See, the strength of Archipelago is not the mechanical design, which is of the highest quality, (and to bring this full circle) it’s the message. It won’t be long before you begin to question what you’re thematically doing to this cluster of paradise. You and your friends show up to these islands and begin claiming them as your own.
You exploit their resources, take control of them and funnel them back home to make a quick buck. You couldn’t care less that these resources aren’t rightfully yours and you will employ the local population as far as it benefits you, caring little that your arrival has altered their existence beyond repair.
The artwork reinforces this uncomfortable viewpoint. It accurately depicts the way that colonists would view the locals. Either they are savages, brutally depicted as furious, dark-skinned warriors in a stereo-typically, even offensive, tribal design or they are lighter skinned, clean-shaven workers, converted to your side.
It’s a difficult thing to digest. It’s not a point of view you will relish. At first glance the artwork looks very racist. However, once you realise that the art depicts the indigenous population as your character would have seen them, in that dehumanising, reductionist, and doubtlessly foul, manner so endemic of the time wherein this game is set, suddenly the message of the theme is laid bare. And it’s extraordinarily uncomfortable.
We play the roles of some truly awful people in this game. We play characters who would rather exploit than engage. Men, who could only view the indigenous people as little more than a resource to barter with and consume. Who look upon an entire race as sub-humans with no concept of the value inherent in their own resources, instead of looking at them as flesh and blood people, instead of viewing them as human beings.
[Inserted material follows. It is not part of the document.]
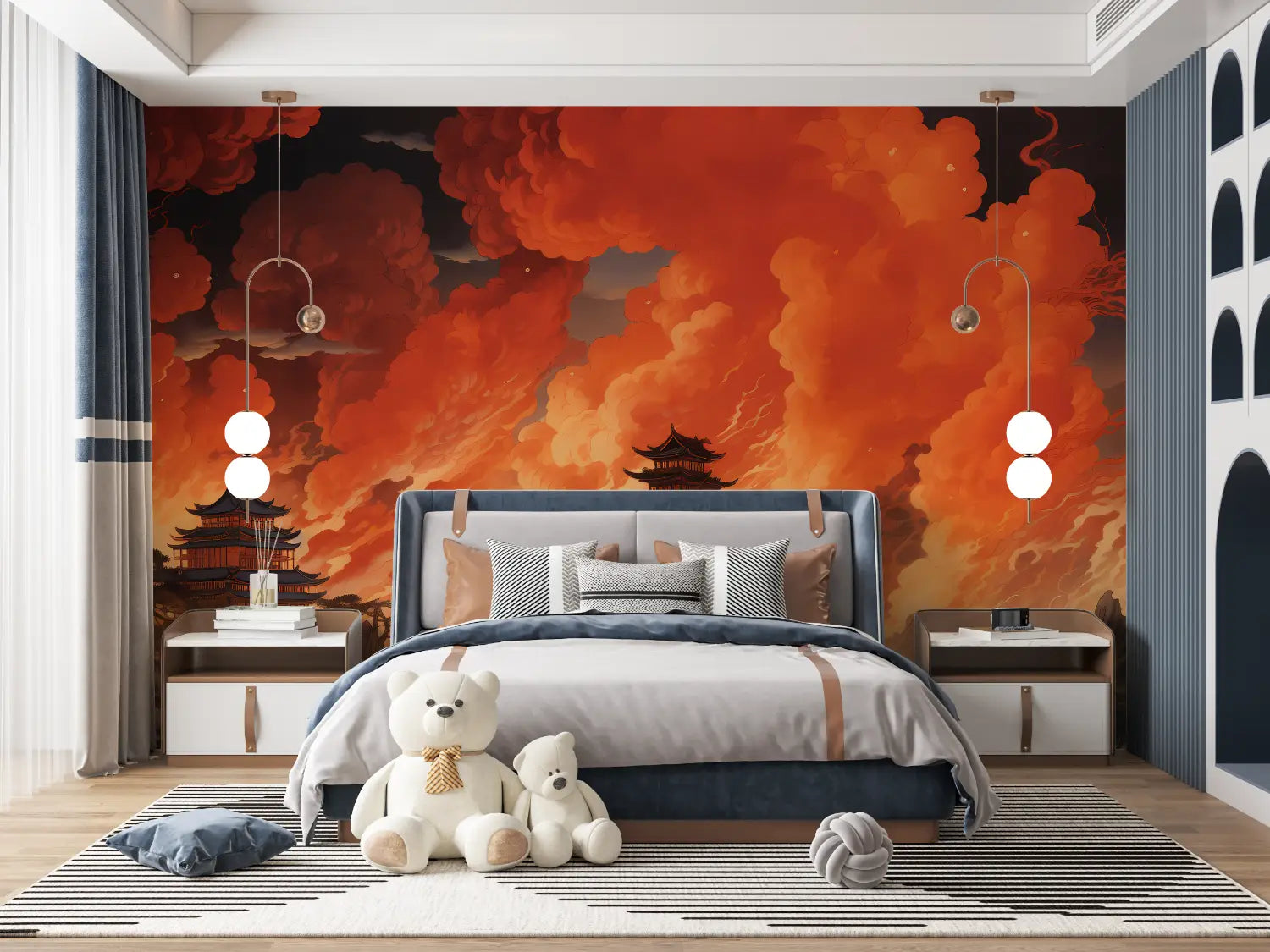 Papier Peint Japonais - Temple en Flammes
Through the narrative of the game, masterfully told through its mechanics, you should arrive at a horrific realisation. When you see the resources of an entire people completely depleted, sent to far off foreign lands, and even stripping that people of their culture by indoctrination into Christianity, you should understand that you’re the cause of this misery, and as you aren’t willing to stop this behaviour due to your own aims, continuing this cycle of exploitation and subjugation, you should come to realise that you are the villain.
Absolutely, some could see this very same artwork as profoundly problematic and perhaps they would be right. Maybe it could have been handled in a much more sensitive way. However, I think to dismiss it as such without understanding the view held by the characters we play in this game, would be to rob the game of the muscle in its message. It’s hard to come away from this game as a winner and not feel like you’ve only won in materialistic terms.
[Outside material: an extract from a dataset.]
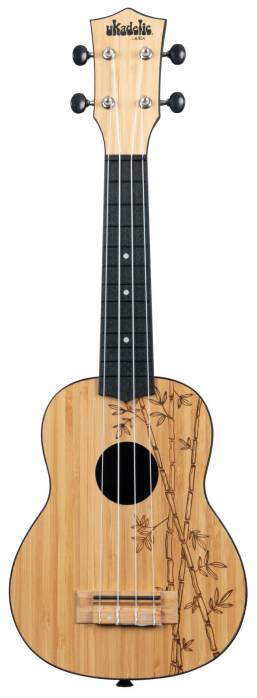 KALA Ukadelic UK-BAMBOO - Bamboo Top Soprano Ukulele, with Tote Bag 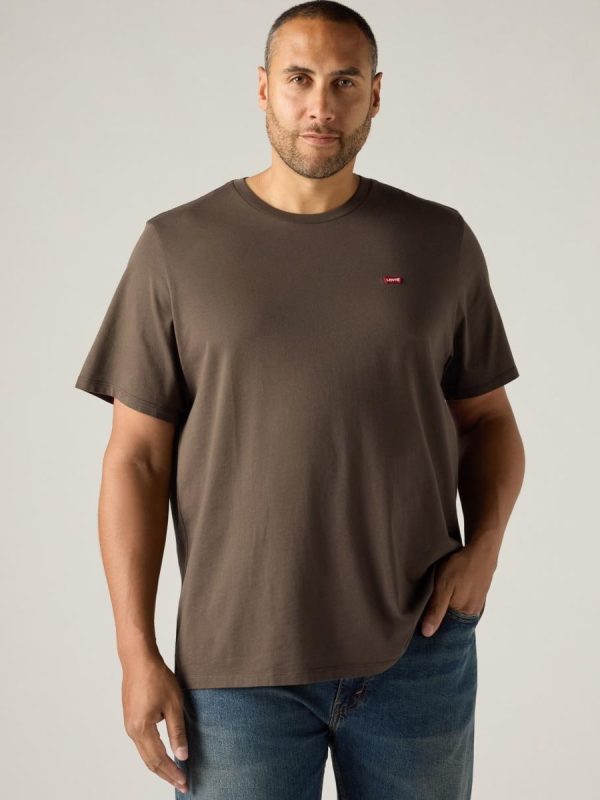 Camiseta de hombre de manga corta con cuello redondo. Tallas grandes - Marrón oscuro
It’s hard to be proud of winning this game, unless you’re the Separatist, and that is exactly why it’s so powerful. Sure, you won, but can you truly be proud of your actions in getting there? That’s what makes this game so fascinating.
Even the critique of religion is well executed and evokes Marx’s well known idiom, “Religion is an opiate of the masses”. The more churches you build, the easier it becomes to subdue the populace in times of civil unrest and you’ll want to build churches, not because of your own piety, but to encourage piety in your people. It’s an uncompromisingly cynical, but doubtlessly accurate, view of the function of religion and its journey to the new world.
It’s one of the few games I’ve ever played that has such a concise and well-delivered message. The narrative arc is one of the finest examples of such I’ve ever seen and as the game is largely language independent, it’s an even more impressive design.
If you choose to buy this game (and believe me, you should) be aware that you are not only buying one of the best mechanical designs out there, but you are buying an essay in social responsibility.
If you would prefer that politics stay out of your gaming experiences, that’s your prerogative but I would encourage you, however, to consider that sometimes stepping out of your comfort zone is a far more enriching experience than playing a game with much less substance than Archipelago.